Short descriptive text snippets
※ ※ ※

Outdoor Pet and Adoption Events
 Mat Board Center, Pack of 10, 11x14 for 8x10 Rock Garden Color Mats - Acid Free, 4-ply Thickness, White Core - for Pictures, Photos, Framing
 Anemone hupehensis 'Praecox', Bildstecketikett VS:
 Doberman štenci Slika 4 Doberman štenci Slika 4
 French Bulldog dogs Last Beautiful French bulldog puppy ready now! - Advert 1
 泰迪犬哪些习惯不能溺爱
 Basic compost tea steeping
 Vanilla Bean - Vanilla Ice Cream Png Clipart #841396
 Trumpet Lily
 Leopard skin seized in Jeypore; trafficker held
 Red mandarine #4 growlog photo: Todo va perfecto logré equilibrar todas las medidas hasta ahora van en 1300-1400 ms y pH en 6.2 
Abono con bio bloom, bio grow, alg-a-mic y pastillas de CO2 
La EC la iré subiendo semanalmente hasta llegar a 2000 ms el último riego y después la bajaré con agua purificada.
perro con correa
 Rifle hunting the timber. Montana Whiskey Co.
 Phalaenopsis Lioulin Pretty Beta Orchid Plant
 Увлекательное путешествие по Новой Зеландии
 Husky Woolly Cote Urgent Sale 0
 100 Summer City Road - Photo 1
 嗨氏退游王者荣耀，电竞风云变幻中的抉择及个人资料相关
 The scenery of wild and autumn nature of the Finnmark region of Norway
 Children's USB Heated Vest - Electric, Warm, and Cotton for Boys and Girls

※ ※ ※

Work to be completed ::
The full set of records above must be retyped exactly.

Exercise answer ::
Outdoor Pet and Adoption Events
 Mat Board Center, Pack of 10, 11x14 for 8x10 Rock Garden Color Mats - Acid Free, 4-ply Thickness, White Core - for Pictures, Photos, Framing
 Anemone hupehensis 'Praecox', Bildstecketikett VS:
 Doberman štenci Slika 4 Doberman štenci Slika 4
 French Bulldog dogs Last Beautiful French bulldog puppy ready now! - Advert 1
 泰迪犬哪些习惯不能溺爱
 Basic compost tea steeping
 Vanilla Bean - Vanilla Ice Cream Png Clipart #841396
 Trumpet Lily
 Leopard skin seized in Jeypore; trafficker held
 Red mandarine #4 growlog photo: Todo va perfecto logré equilibrar todas las medidas hasta ahora van en 1300-1400 ms y pH en 6.2 
Abono con bio bloom, bio grow, alg-a-mic y pastillas de CO2 
La EC la iré subiendo semanalmente hasta llegar a 2000 ms el último riego y después la bajaré con agua purificada.
perro con correa
 Rifle hunting the timber. Montana Whiskey Co.
 Phalaenopsis Lioulin Pretty Beta Orchid Plant
 Увлекательное путешествие по Новой Зеландии
 Husky Woolly Cote Urgent Sale 0
 100 Summer City Road - Photo 1
 嗨氏退游王者荣耀，电竞风云变幻中的抉择及个人资料相关
 The scenery of wild and autumn nature of the Finnmark region of Norway
 Children's USB Heated Vest - Electric, Warm, and Cotton for Boys and Girls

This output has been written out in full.